How to complete this task: Reproduce the listing below exactly, minus its pictures.

Stored data:
"""

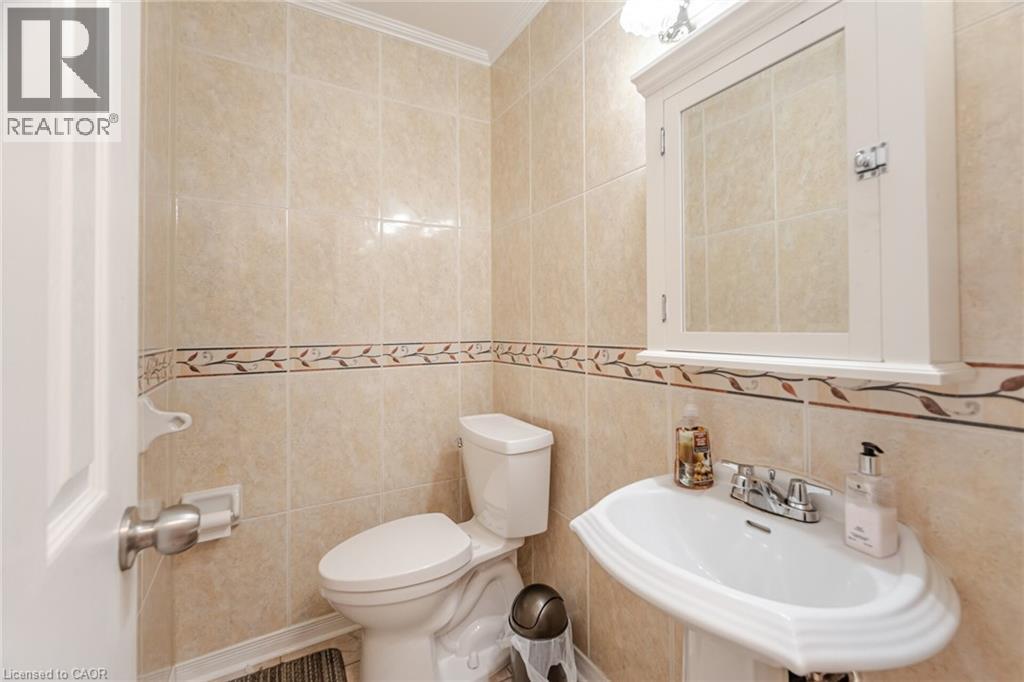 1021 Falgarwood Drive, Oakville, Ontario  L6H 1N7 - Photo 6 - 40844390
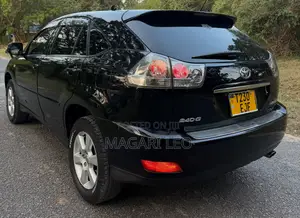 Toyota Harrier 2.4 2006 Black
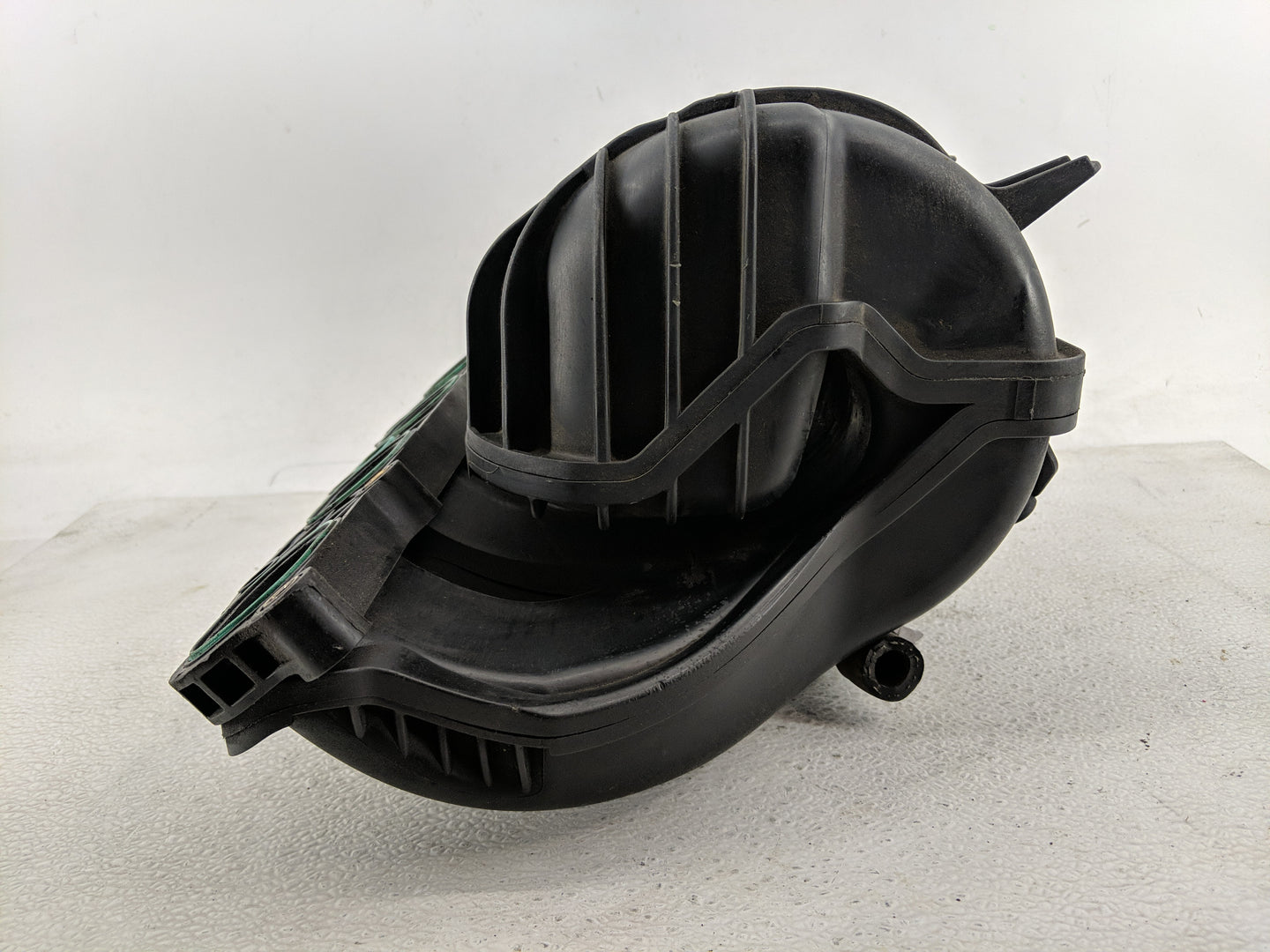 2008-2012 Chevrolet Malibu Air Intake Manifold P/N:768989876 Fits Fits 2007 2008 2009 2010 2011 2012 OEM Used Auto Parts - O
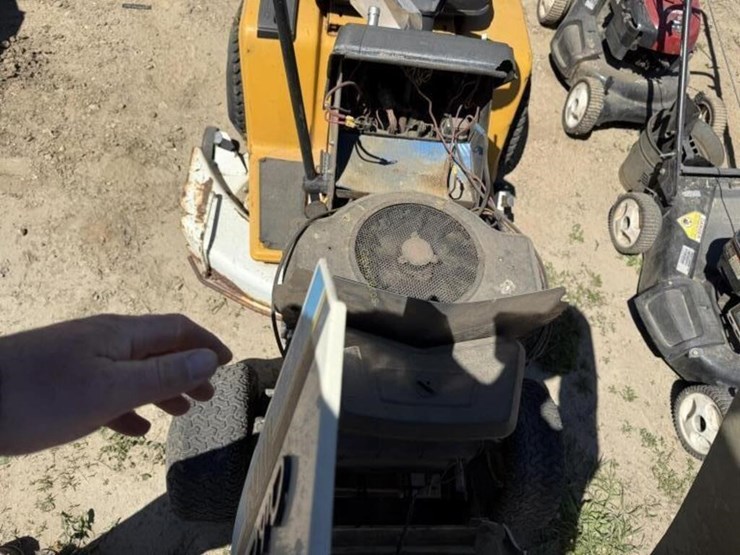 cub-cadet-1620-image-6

"""

Answer to this problem:
 1021 Falgarwood Drive, Oakville, Ontario  L6H 1N7 - Photo 6 - 40844390
 Toyota Harrier 2.4 2006 Black
 2008-2012 Chevrolet Malibu Air Intake Manifold P/N:768989876 Fits Fits 2007 2008 2009 2010 2011 2012 OEM Used Auto Parts - O
 cub-cadet-1620-image-6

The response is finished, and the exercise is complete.